WHAT THE EXERCISE ASKS.
For each line below that holds "Construyendo", return the line as it stands.

RECORDS FOR THE TASK.
************
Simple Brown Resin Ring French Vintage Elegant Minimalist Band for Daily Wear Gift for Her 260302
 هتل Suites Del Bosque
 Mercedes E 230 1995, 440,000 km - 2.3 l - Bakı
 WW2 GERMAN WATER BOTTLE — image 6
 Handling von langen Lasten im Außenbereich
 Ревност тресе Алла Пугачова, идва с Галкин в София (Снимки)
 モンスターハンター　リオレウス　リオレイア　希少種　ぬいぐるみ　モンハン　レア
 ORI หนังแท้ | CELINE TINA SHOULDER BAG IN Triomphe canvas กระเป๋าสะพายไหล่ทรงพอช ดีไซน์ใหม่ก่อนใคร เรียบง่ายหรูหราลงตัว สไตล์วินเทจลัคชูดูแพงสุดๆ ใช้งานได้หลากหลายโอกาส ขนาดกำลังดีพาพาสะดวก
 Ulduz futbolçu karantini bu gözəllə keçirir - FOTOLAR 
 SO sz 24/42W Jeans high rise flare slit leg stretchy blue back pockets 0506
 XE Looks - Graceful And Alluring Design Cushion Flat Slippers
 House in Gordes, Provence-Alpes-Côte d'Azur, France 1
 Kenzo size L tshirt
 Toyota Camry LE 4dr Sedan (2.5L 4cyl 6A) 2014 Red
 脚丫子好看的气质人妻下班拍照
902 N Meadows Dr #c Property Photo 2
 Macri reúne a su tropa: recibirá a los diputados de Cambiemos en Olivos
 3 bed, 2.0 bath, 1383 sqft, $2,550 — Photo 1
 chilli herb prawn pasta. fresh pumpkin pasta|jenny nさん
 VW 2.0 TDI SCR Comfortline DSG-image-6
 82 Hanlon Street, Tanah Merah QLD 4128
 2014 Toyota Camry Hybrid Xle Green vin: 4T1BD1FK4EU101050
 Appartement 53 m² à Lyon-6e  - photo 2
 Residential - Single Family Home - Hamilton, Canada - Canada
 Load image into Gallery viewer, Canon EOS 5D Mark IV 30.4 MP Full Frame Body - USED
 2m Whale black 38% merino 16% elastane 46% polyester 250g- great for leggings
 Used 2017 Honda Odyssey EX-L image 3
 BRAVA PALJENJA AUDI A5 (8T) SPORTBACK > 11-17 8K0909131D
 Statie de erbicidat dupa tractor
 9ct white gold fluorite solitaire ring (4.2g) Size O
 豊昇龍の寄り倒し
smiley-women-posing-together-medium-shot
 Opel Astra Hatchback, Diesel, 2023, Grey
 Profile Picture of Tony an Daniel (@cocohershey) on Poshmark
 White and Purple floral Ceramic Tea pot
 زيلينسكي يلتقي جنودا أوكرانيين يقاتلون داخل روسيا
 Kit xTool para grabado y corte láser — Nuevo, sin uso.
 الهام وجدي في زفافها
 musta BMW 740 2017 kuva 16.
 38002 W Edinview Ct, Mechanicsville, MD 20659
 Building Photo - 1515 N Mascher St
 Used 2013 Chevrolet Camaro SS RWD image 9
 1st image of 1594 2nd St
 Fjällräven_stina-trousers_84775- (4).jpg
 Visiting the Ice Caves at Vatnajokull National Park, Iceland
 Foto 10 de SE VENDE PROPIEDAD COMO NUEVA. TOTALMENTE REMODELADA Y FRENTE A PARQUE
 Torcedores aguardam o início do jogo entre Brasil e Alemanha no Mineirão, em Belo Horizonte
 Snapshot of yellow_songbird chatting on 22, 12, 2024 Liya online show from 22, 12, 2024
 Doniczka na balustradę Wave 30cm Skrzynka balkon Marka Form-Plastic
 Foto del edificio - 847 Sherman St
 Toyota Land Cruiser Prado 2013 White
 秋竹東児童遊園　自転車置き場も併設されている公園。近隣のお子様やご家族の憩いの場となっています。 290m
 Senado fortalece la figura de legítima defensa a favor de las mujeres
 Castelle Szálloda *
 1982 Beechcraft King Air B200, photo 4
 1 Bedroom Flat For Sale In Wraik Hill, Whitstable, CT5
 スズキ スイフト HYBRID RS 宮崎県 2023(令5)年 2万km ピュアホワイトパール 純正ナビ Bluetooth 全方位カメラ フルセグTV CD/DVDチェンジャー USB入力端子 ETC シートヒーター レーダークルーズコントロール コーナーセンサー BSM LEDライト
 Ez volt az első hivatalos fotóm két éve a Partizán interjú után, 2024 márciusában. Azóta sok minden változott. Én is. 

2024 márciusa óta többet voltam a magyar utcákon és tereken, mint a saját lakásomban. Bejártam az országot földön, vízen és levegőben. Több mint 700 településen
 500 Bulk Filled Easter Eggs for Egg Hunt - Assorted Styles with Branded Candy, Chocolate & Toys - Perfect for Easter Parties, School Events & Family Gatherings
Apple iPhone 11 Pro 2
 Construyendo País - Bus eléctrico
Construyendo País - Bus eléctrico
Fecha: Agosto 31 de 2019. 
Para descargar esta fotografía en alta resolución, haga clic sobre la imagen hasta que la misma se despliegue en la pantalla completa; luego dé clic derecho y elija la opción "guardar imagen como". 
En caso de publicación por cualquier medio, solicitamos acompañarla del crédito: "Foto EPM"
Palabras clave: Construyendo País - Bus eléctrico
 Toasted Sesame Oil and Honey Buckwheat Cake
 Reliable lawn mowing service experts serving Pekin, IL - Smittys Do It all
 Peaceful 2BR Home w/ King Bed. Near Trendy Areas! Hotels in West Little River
************
YOUR RESPONSE.
 Construyendo País - Bus eléctrico
Construyendo País - Bus eléctrico
Palabras clave: Construyendo País - Bus eléctrico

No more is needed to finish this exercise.